Has anyone else dealt with this? Did you have to go to court? How did you prove the alcohol/substance abuse was/is a problem? I have pictures of some of the drugs, he hasn't been charged with a DUI... 

Any help/feedback would be appreciated. Thank you.


----------



## EleGirl (Dec 3, 2011)

I know a guy whose wife was out of control with drugs and alcohol. He told the judge and asked that she have to take a drug test. The judge agreed. The mother did not take the drug test for 6 months (to clean up her act first). So he got 100% custody of the kids.

Something to think about.

I suppose you do not have a job, right? if you don't what are your plans to get one?

I wonder if you could get some video (using a hidden spy camera) of him doing drugs, perhaps acting drunk, passed out, etc. 

Did you ask your lawyer what you could get that would help?


----------



## Pluto2 (Aug 17, 2011)

If I were you, I'd ask for 100% physical custody, request a drug test due to your personal knowledge of his drug and alcohol use, and if he fails, any visitation is supervised, he can't drive with the kids, no overnight visitations etc. until he passes clean drug screening.
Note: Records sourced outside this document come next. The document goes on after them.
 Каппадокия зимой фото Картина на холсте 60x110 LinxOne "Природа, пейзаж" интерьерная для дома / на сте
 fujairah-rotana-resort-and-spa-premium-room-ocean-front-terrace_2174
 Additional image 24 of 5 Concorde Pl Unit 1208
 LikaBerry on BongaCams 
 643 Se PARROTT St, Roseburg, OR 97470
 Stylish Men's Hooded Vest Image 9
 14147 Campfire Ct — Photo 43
The kids shouldn't be put in a situation where they'd be responsible for dad passing out or ODing.

ETA: document everything. Bottles of alcohol, any drugs, everything. This will help you get support from the court.


----------



## Corpuswife (Apr 24, 2009)

I agree with the other posters..

Hang in there....I understand how difficult this is but you will gain some peace once your house is sold/custody agreement is made.
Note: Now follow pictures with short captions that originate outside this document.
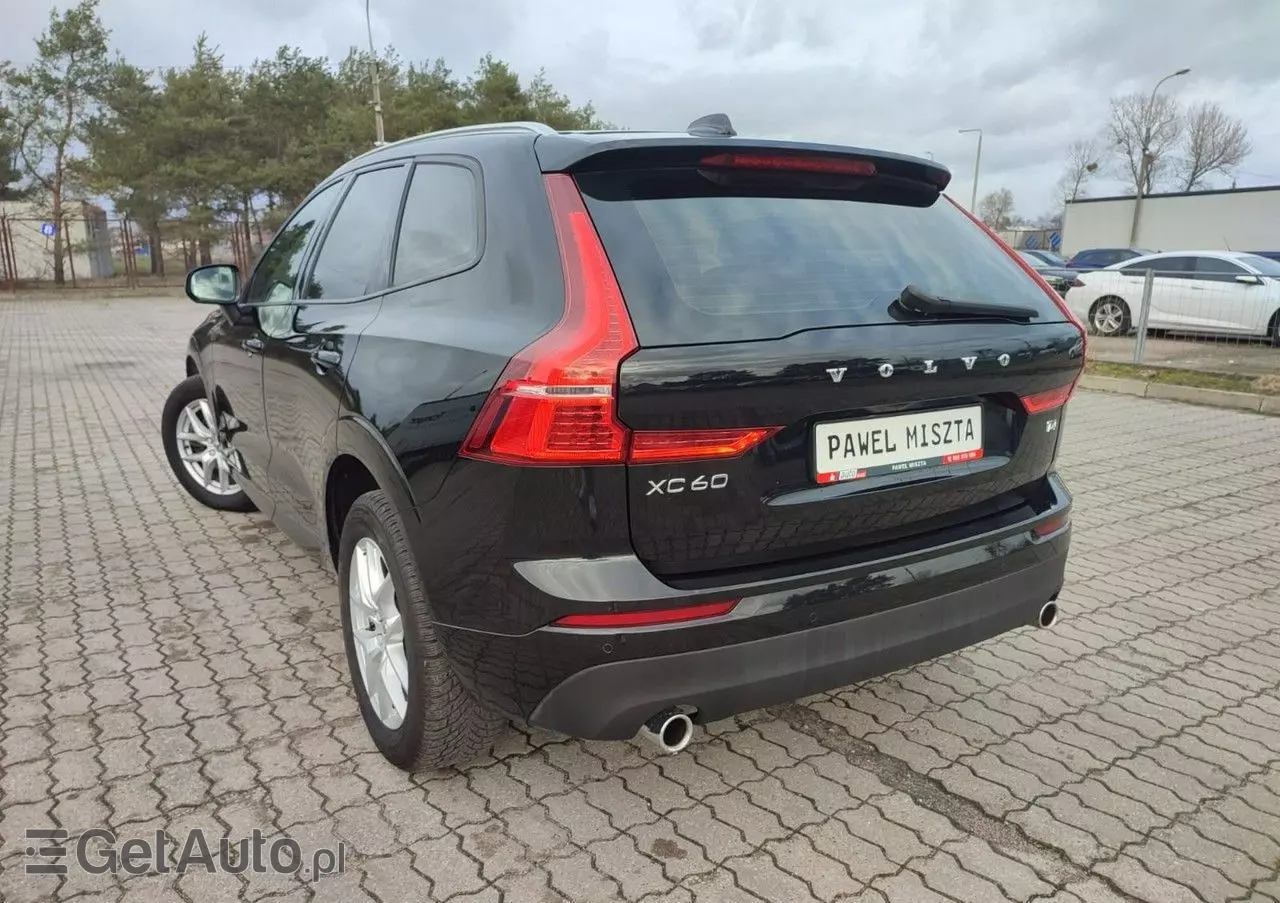 VOLVO XC 60 T4 Momentum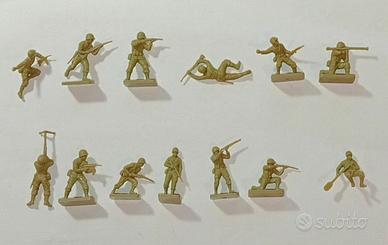 LOTTO 150 SOLDATINI AIRFIX 1/72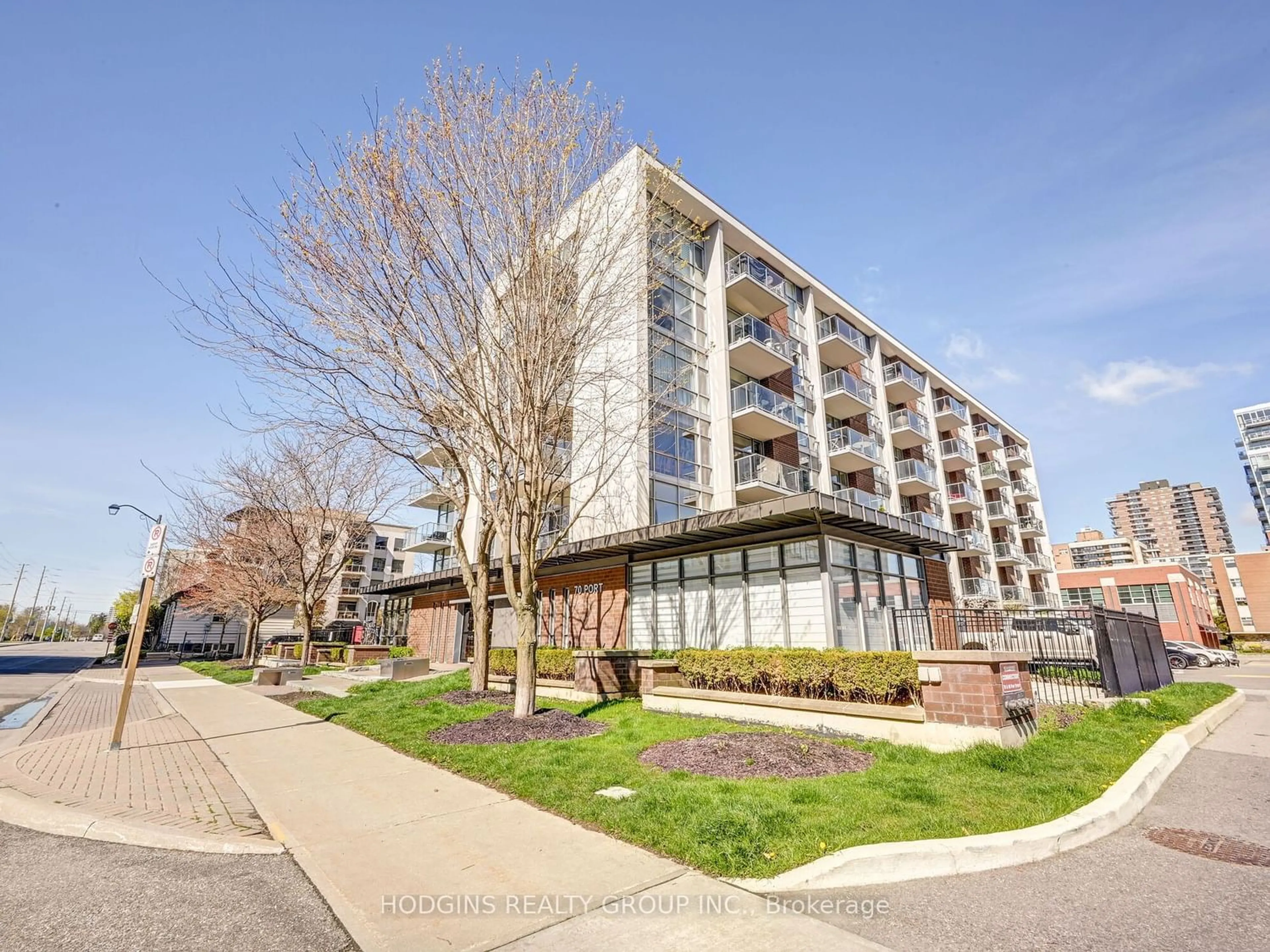 A pic from exterior of the house or condo for 70 Port St #110, Mississauga Ontario L5G 4V8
Hugs to you and your daughter.


----------



## aquajay (Feb 13, 2013)

Yes, I'm employed, I have a very secure job with a pension, etc. so I am fully able to care for my daughter around the clock, if need be. 
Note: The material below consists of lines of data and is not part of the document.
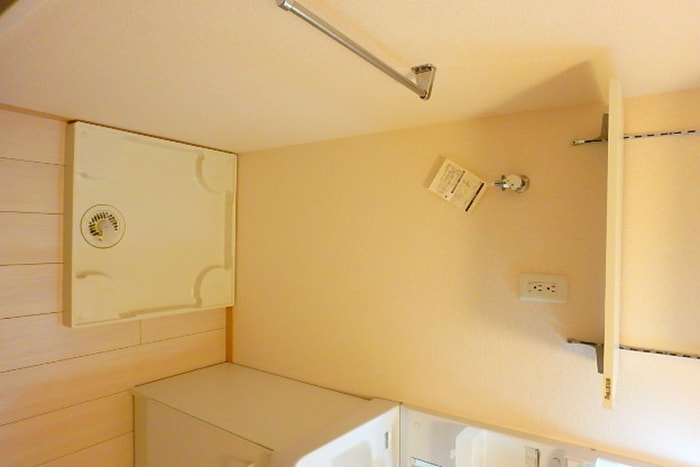 物件内観写真13　(洗濯機置場)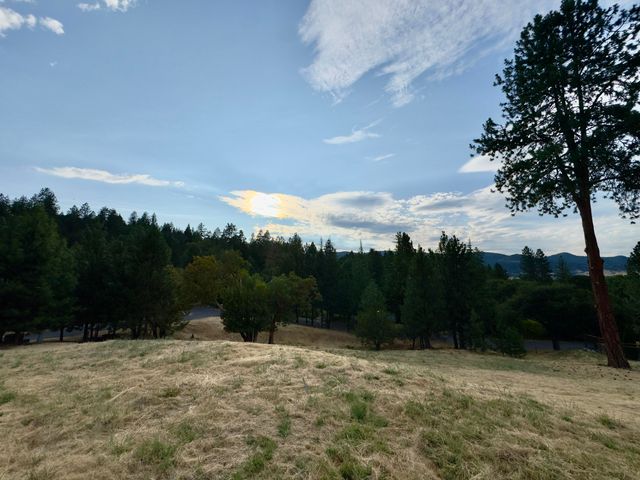 825 Royal Lane, Jacksonville, OR 97530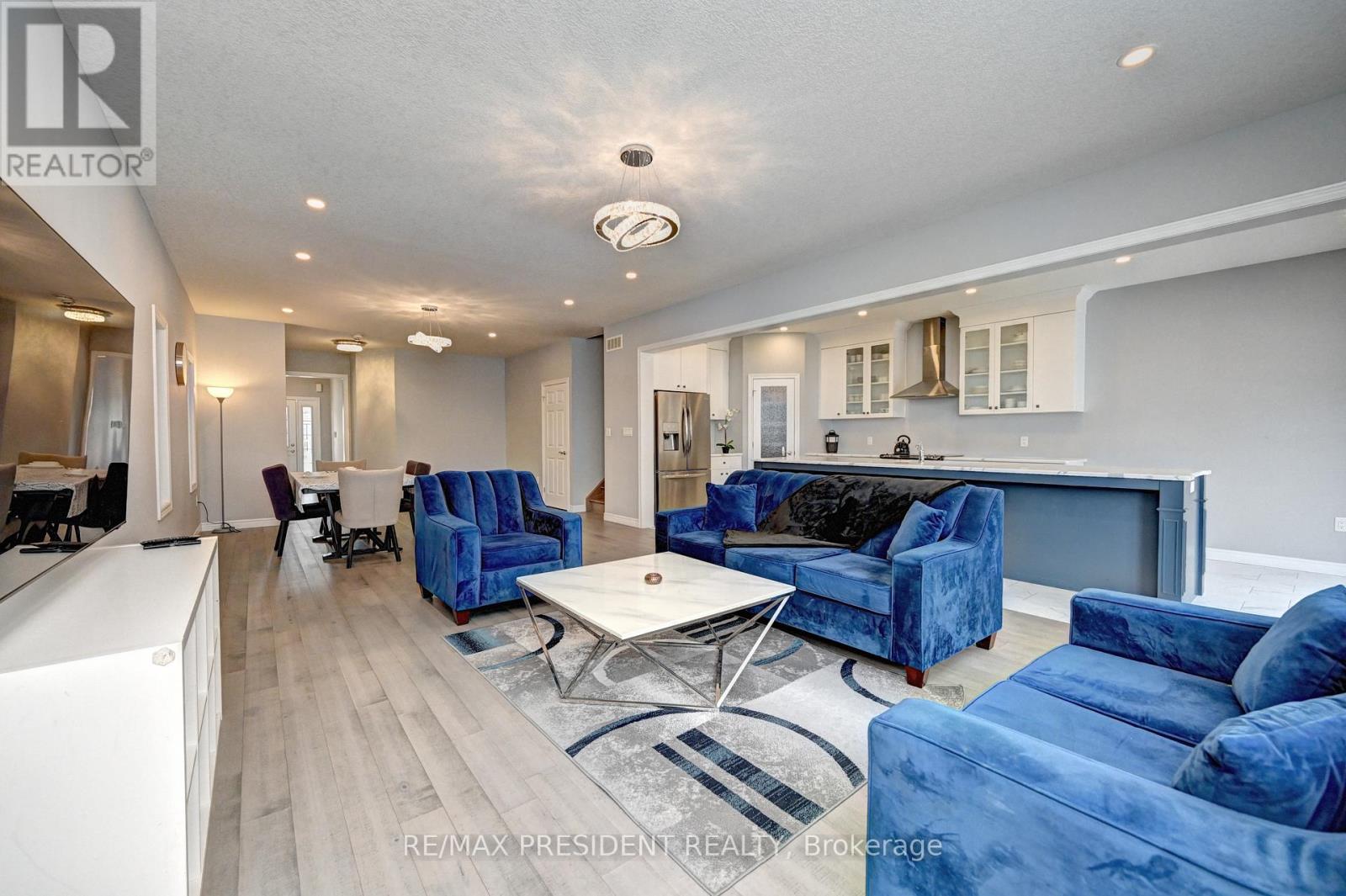 552 Florencedale Crescent, Kitchener, Ontario  N2R 0N3 - Photo 11 - X12971092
I have pictures of a few things and people that could testify to this by way of an affidavit that could be used in court. Where I live this custody stuff is a battle because they almost always give 50/50 to both parents, with conditions... they can order drug testing/treatment, etc. so I have no idea how this is going to go. He won't be signing on the dotted line to say he won't drink in her presence. I'm pretty confident of that.

The drug situation will be my biggest advantage I'm told, but it's so hard to know. It would suck to go through court and everything, with him being able to have her half the time, but be unable to care for her!

This is sooooo frustrating for me and I've been dealing with this battle since she was born. :surprise:

I certainly will be discussing this with my lawyer, and it all depends on what he's willing to agree to/see... otherwise it'll be up to the court.


----------



## DanielleBennett (Oct 9, 2015)

I would refuse to send her for visitation at all unless he was sober. Being drunk and taking drugs at the same time is a danger to your 5 year old and he will not be in the right place mentally to even take care of a child. So no. Refuse. He can take you to court all he wants and you can fight it. No judge would let a child go to such an irresponsible person. What may end up happening is that he would come over to see your daughter instead of him having her alone and unsupervised by anyone else. Your 18 year old can help testify on your behalf and explain the emotional problems that came to her as a result of it.


----------



## aquajay (Feb 13, 2013)

Now what???

My lawyer mailed a letter to him that said I retained him, would like a separation agreement and to keep financials as status quo. Attached was a 12 page financial statement that needs to be prepared to submit to the courts if it gets to the point where we need to go that route.

So... he is totally pissed off about it. I agreed to a brief meeting about it because he has some questions about the financial stuff (because I've been the money manager). Then, he started questioning my intent...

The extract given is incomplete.